EXERCISE INSTRUCTIONS: Make an exact copy of the records, with the pictures left out.

MATERIAL SHOWN:
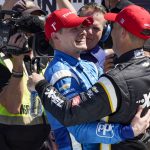 
              From left, Josef Newgarden and Scott McLaughlin embrace following the NTT IndyCar Series XPEL 375 at Texas Motor Speedway in Fort Worth, Texas, Sunday, March 20, 2022. Newgarden won the race and McLaughlin finished second. (AP Photo/Larry Papke)
            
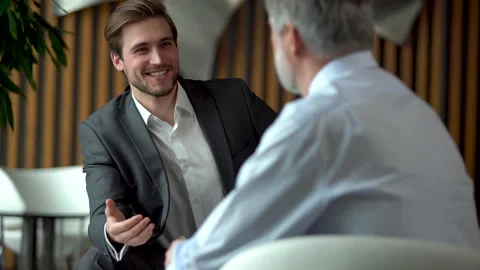 Businessman consult client about contract explain startup give advice at meeting Stock Footage 201255192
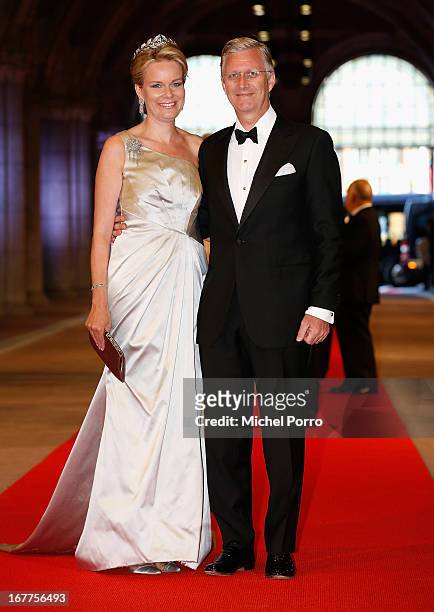 Princess Mathilde of Belgium and Prince Philippe of Belgium attend a dinner hosted by Queen Beatrix of The Netherlands ahead of her abdication at...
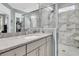 Bright bathroom featuring a glass enclosed shower and granite countertop vanity at 1011 Old Field Dr, Summerville, SC 29483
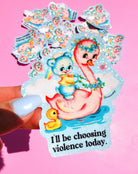 Die-cut holographic vinyl sticker featuring a retro-kawaii baby bear in a bathtub holding a rainbow, with a rubber duck, on a pastel blue background. Bold black text reads: I'll be choosing violence today.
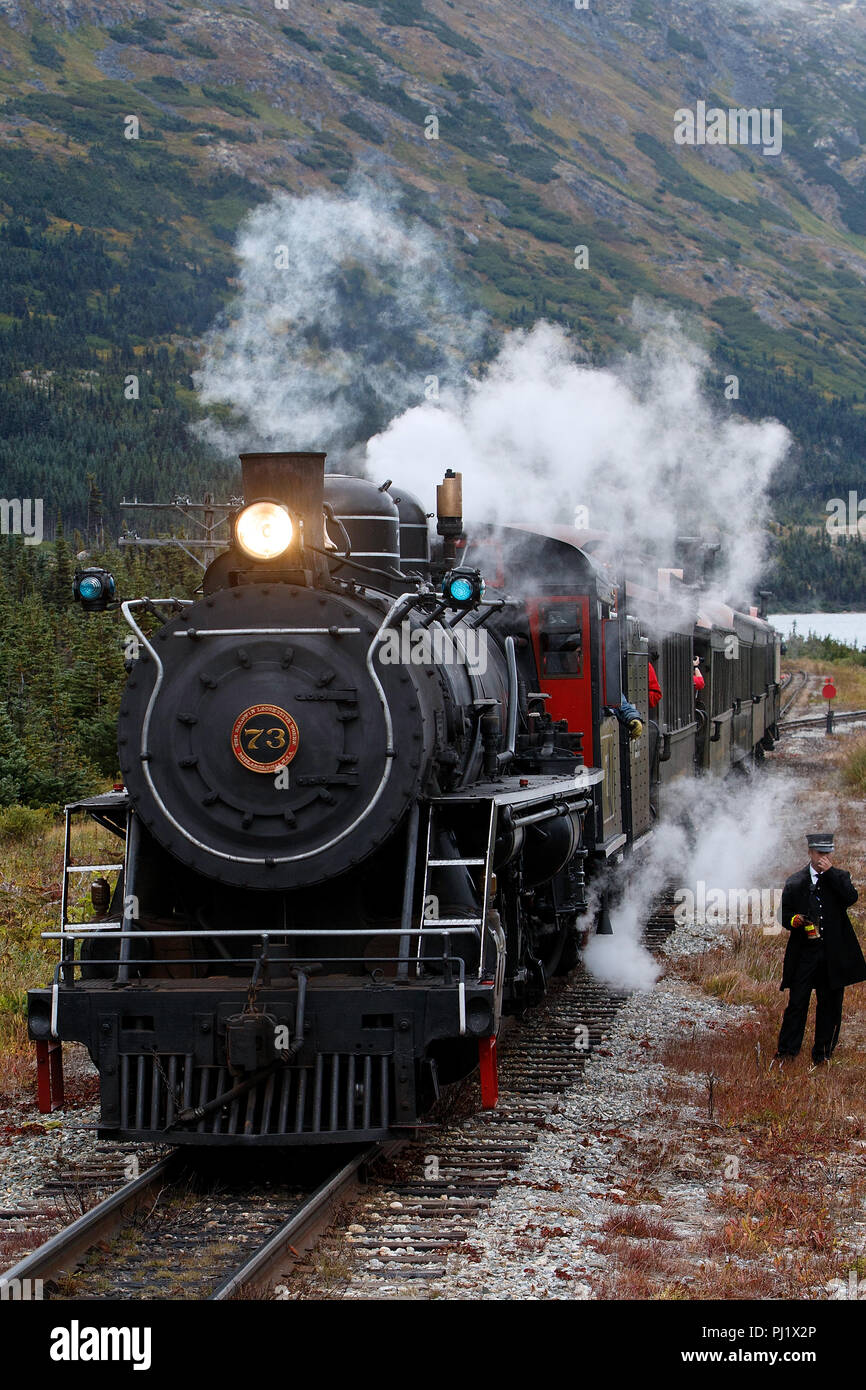 Steam train engine number 73 with conductor, White Pass and Yukon Route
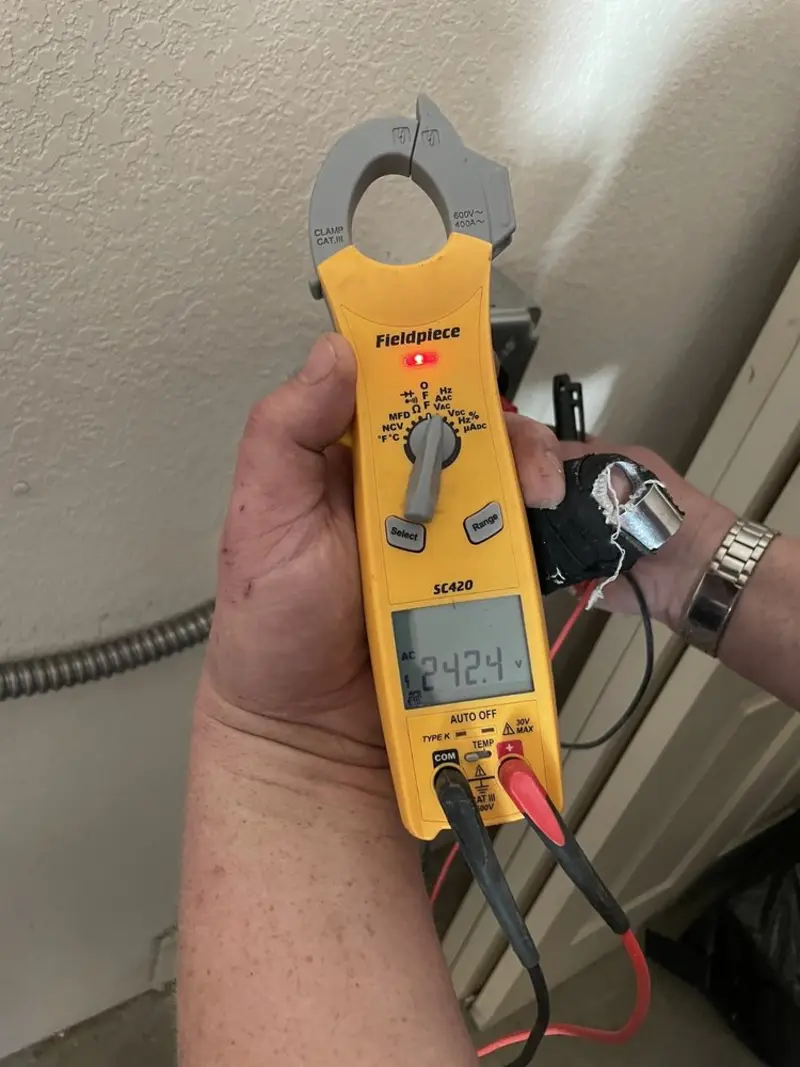 Voltage testing with clamp meter during Recessed Lighting Installation in Dennis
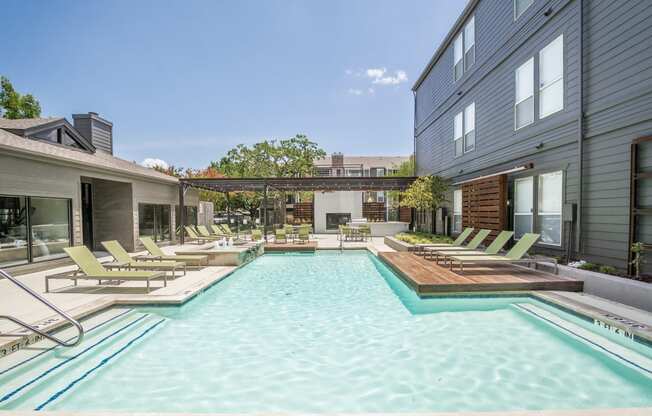 a swimming pool with lounge chairs and a wooden diving board in front of a gray building
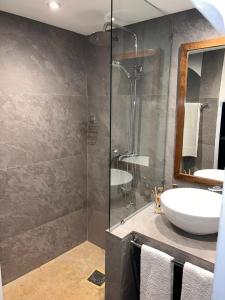 a bathroom with a sink and a glass shower at Riad CK Medina in Marrakech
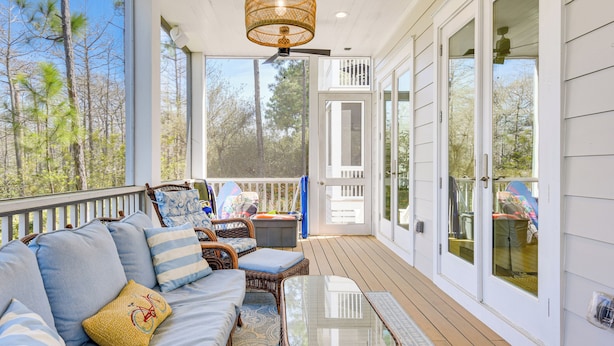 A covered porch with wicker furniture, a glass-top table, and a view of trees. - Elegant Santa Rosa Beach House w/ Community Perks (Santa Rosa Beach)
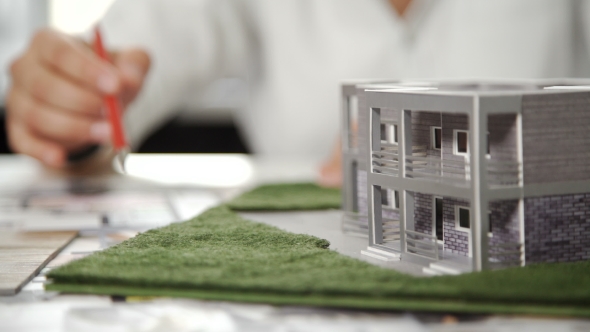 Engineer Work On Table With Architecture Model And White Helmet. . alt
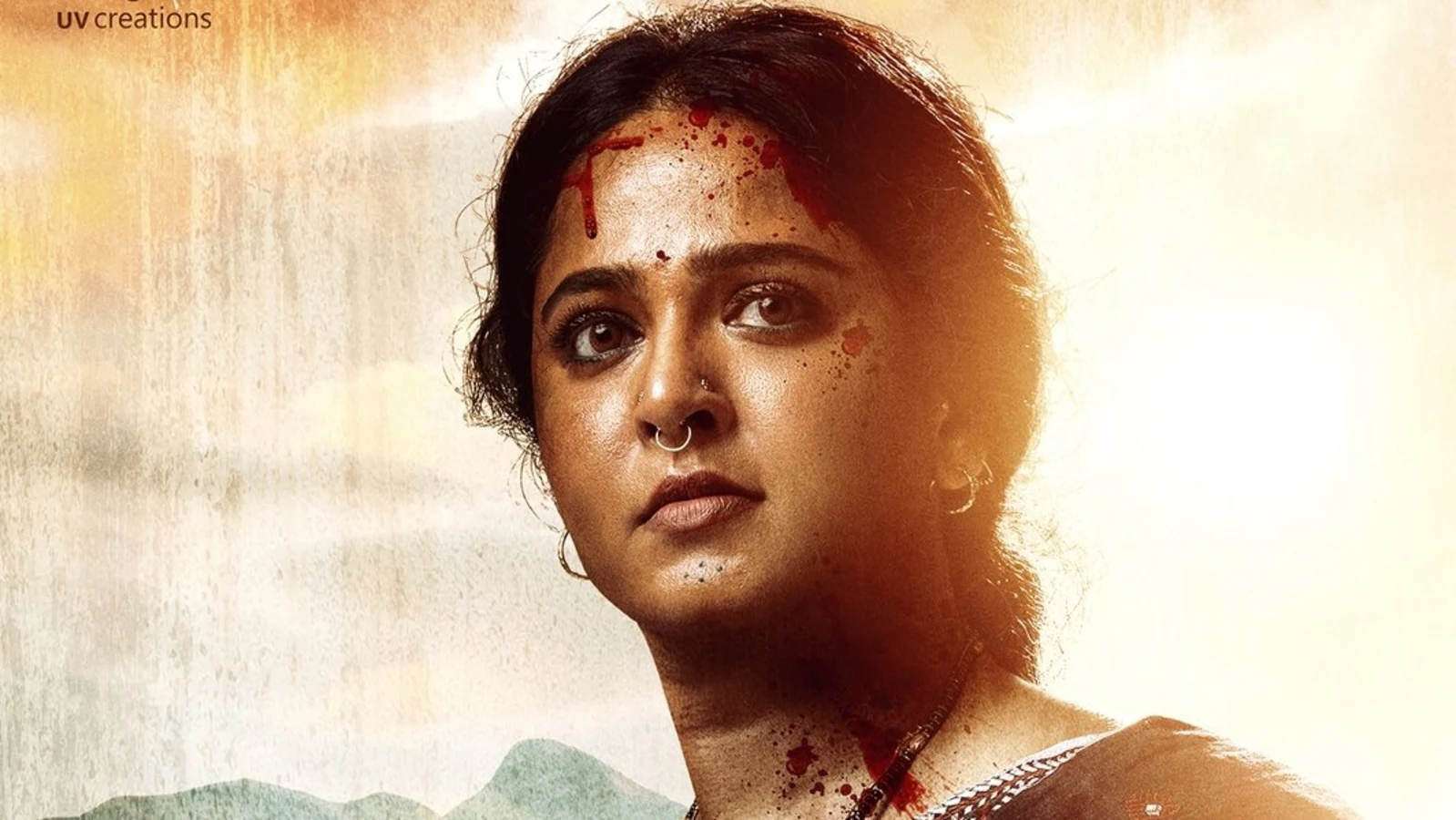 Anushka Shetty announcing her social media break, sitting thoughtfully with a handwritten note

TASK RESULT:
              From left, Josef Newgarden and Scott McLaughlin embrace following the NTT IndyCar Series XPEL 375 at Texas Motor Speedway in Fort Worth, Texas, Sunday, March 20, 2022. Newgarden won the race and McLaughlin finished second. (AP Photo/Larry Papke)
            
 Businessman consult client about contract explain startup give advice at meeting Stock Footage 201255192
 Princess Mathilde of Belgium and Prince Philippe of Belgium attend a dinner hosted by Queen Beatrix of The Netherlands ahead of her abdication at...
 Bright bathroom featuring a glass enclosed shower and granite countertop vanity at 1011 Old Field Dr, Summerville, SC 29483
 Die-cut holographic vinyl sticker featuring a retro-kawaii baby bear in a bathtub holding a rainbow, with a rubber duck, on a pastel blue background. Bold black text reads: I'll be choosing violence today.
 Steam train engine number 73 with conductor, White Pass and Yukon Route
 Voltage testing with clamp meter during Recessed Lighting Installation in Dennis
 a swimming pool with lounge chairs and a wooden diving board in front of a gray building
 a bathroom with a sink and a glass shower at Riad CK Medina in Marrakech
 A covered porch with wicker furniture, a glass-top table, and a view of trees. - Elegant Santa Rosa Beach House w/ Community Perks (Santa Rosa Beach)
 Engineer Work On Table With Architecture Model And White Helmet. . alt
 Anushka Shetty announcing her social media break, sitting thoughtfully with a handwritten note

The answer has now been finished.